世界銀行の経営委員会は2026年6月22日、ウクライナの民間企業融資と雇用創出を推進するための開発政策融資(DPO)の第1次事業を承認しました。
この事業は、ウクライナ政府が進める改革政策を支援するもので、民間からの資金・投資の呼び込み、労働力不足の解決、越境市場統合の進展を目的としています。
総額34億ドルの支援構成は、世界銀行のローン10億4,000万ドル(日本政府が支援する「ウクライナ信用強化促進基金」から5億4,000万ドルの信用補完を受ける)、イギリス政府による5億ドルの保証、およびウクライナ強靭化資源促進金融中介基金からの23億5,000万ドルの助成金となっています。
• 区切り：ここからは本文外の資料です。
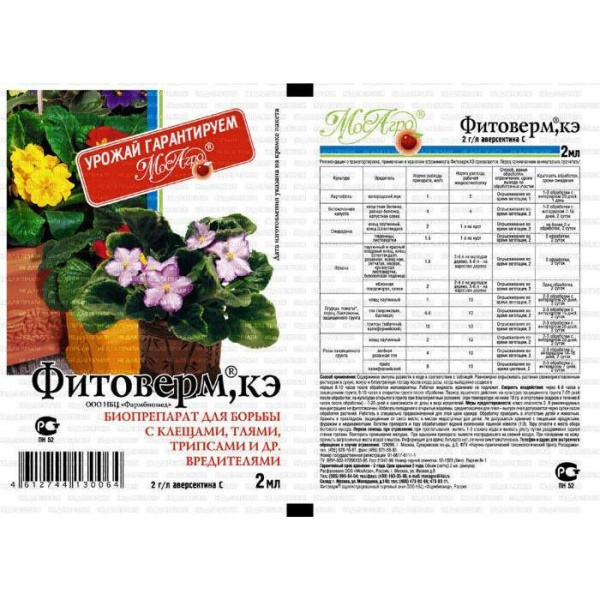 Фото ФИТОВЕРМ амп. в пакете МосАгро 5 мл Фото ФИТОВЕРМ амп. в пакете МосАгро 5 мл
世界銀行の東欧地域統括責任者であるボブ・サム氏は、「極めて困難な状況下にありながら、ウクライナは改革を着実に進め、民間投資と雇用創出の条件を整備し、EU加盟への志向を強化している」と述べ、世界銀行グループとパートナーがウクライナの改革政策と欧州統合への支援を継続する方針を示しました。
本事業は3つの重点分野で改革を支援します。第1に、公民連携規制やプライベート・エクイティの改革、民営化推進を通じた民間融資環境の整備。第2に、住宅政策の現代化、退役軍人の起業支援、女性労働参加の促進、技能人材と求人のマッチング改善により熟練労働力を確保。第3に、農業支援金の透明化、電力市場のEU統合、環境モニタリング要件の調和を通じた越境市場統合の推進です。
世界銀行グループは過去4年間、強固な監視体制と監査を伴うウクライナ支援により、保健、教育、エネルギー、住宅、農業、中小企業の各分野で2,000万人以上のウクライナ国民に対する必須サービス提供を可能にしたと説明しています。